## Provided information
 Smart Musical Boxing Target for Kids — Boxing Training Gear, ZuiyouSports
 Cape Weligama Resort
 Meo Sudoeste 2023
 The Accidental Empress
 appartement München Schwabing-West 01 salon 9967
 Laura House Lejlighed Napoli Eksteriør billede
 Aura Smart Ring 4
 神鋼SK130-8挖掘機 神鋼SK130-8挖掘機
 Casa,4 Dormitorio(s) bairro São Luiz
---
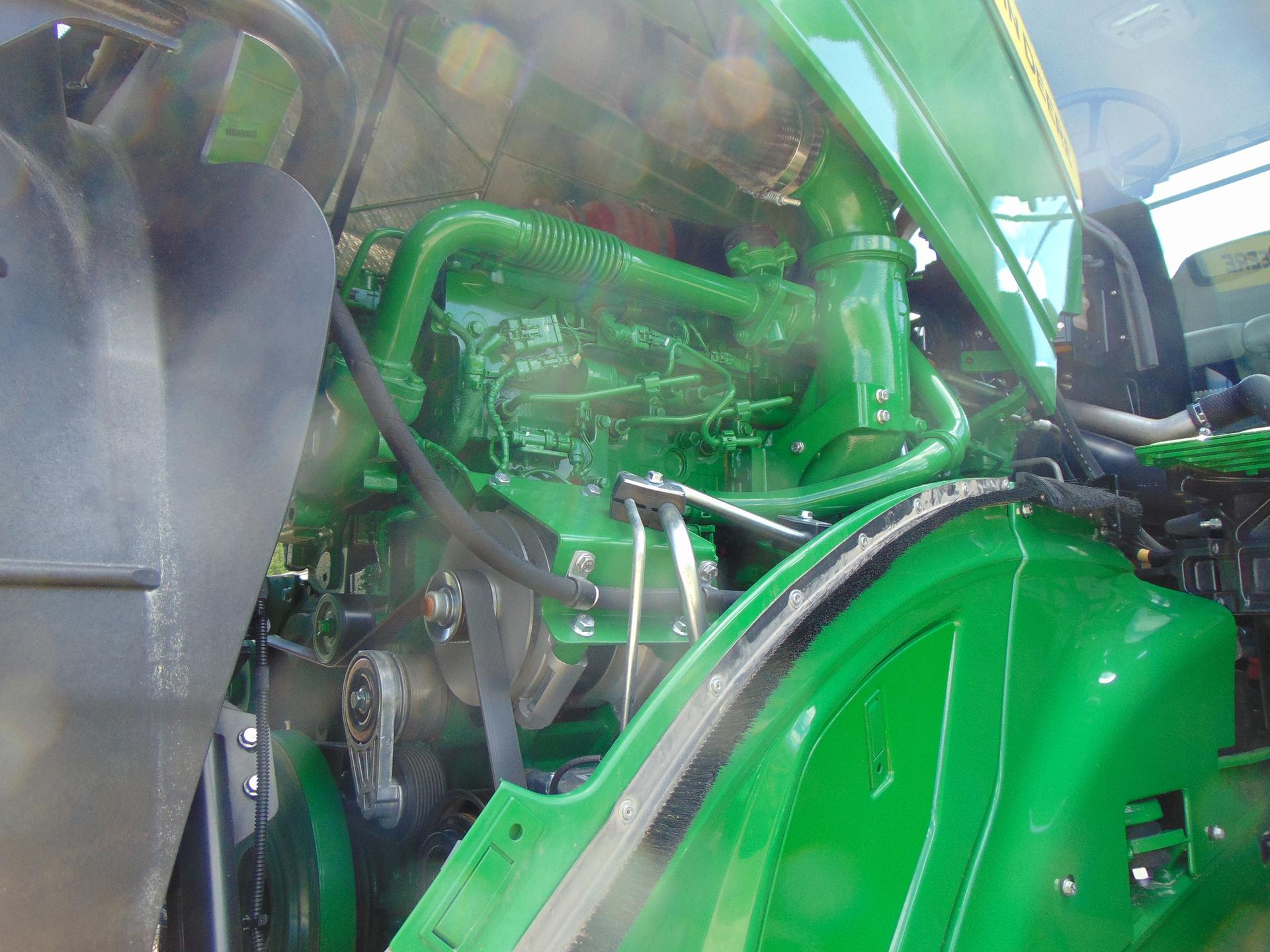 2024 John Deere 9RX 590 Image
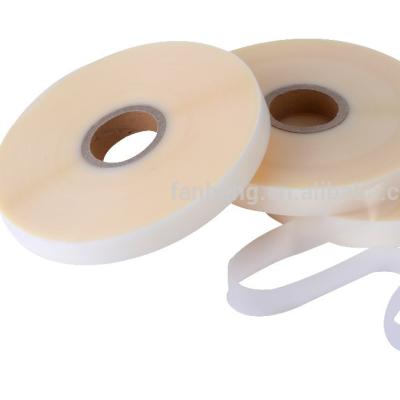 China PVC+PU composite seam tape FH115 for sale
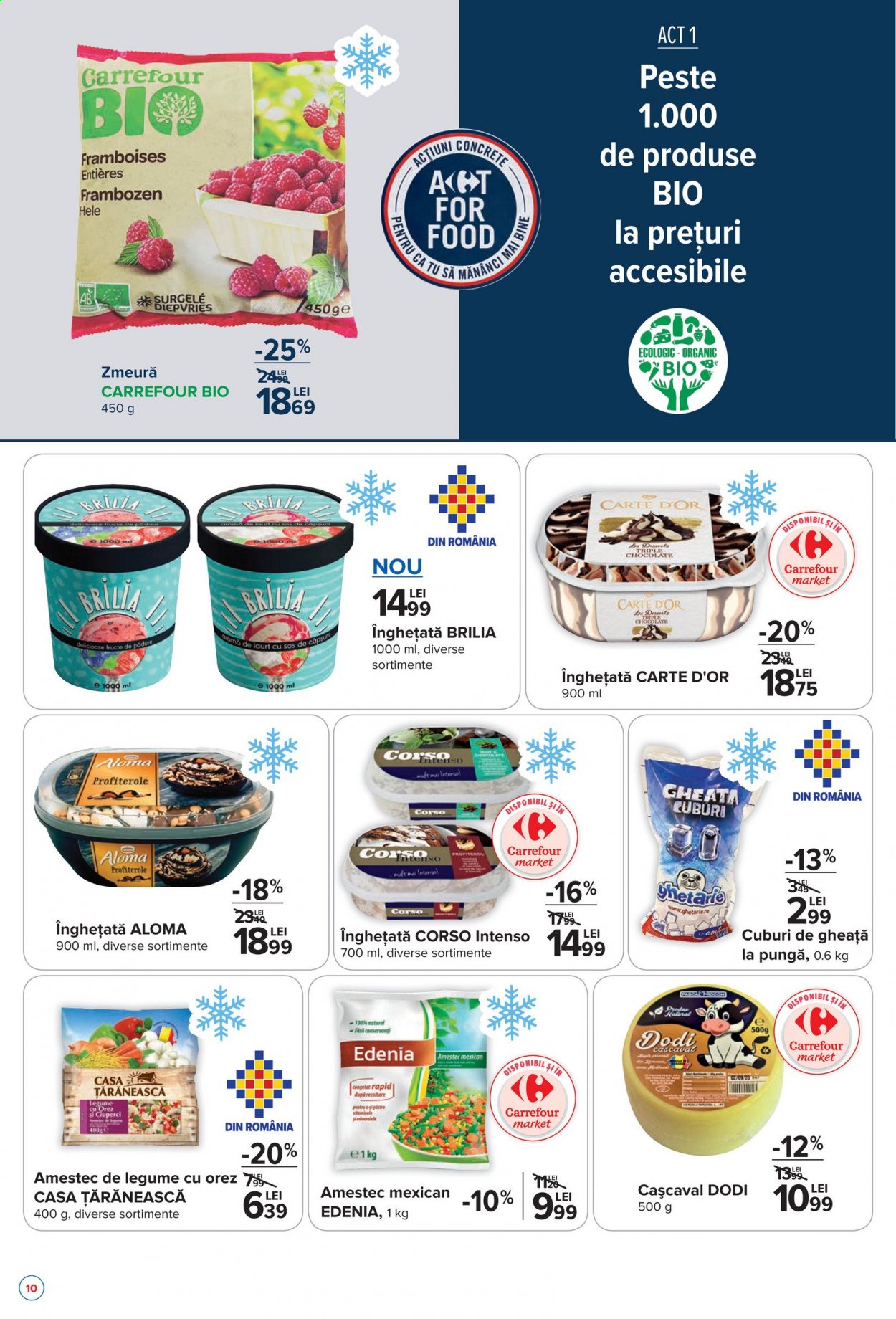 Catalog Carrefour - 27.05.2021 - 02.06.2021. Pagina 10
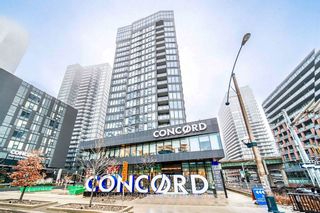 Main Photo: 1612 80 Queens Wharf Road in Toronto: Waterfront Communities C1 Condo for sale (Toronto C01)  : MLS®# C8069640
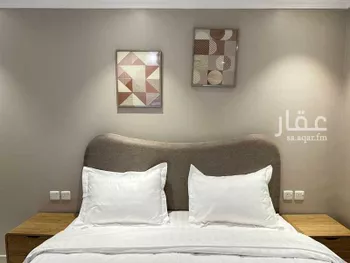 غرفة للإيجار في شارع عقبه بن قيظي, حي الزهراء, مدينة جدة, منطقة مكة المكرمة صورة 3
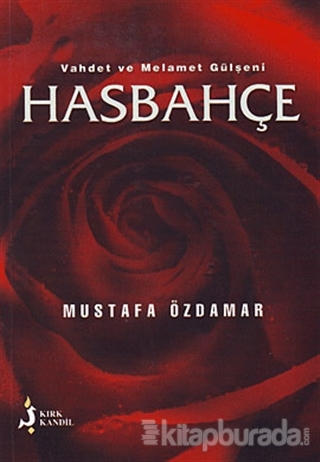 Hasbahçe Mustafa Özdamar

## Brief
Output the material above exactly, but only from the line that carries "Smart Musical Boxing" through the line that carries "Casa,4 Dormitorio(s) bairro São Luiz".

## Answer to this problem
 Smart Musical Boxing Target for Kids — Boxing Training Gear, ZuiyouSports
 Cape Weligama Resort
 Meo Sudoeste 2023
 The Accidental Empress
 appartement München Schwabing-West 01 salon 9967
 Laura House Lejlighed Napoli Eksteriør billede
 Aura Smart Ring 4
 神鋼SK130-8挖掘機 神鋼SK130-8挖掘機
 Casa,4 Dormitorio(s) bairro São Luiz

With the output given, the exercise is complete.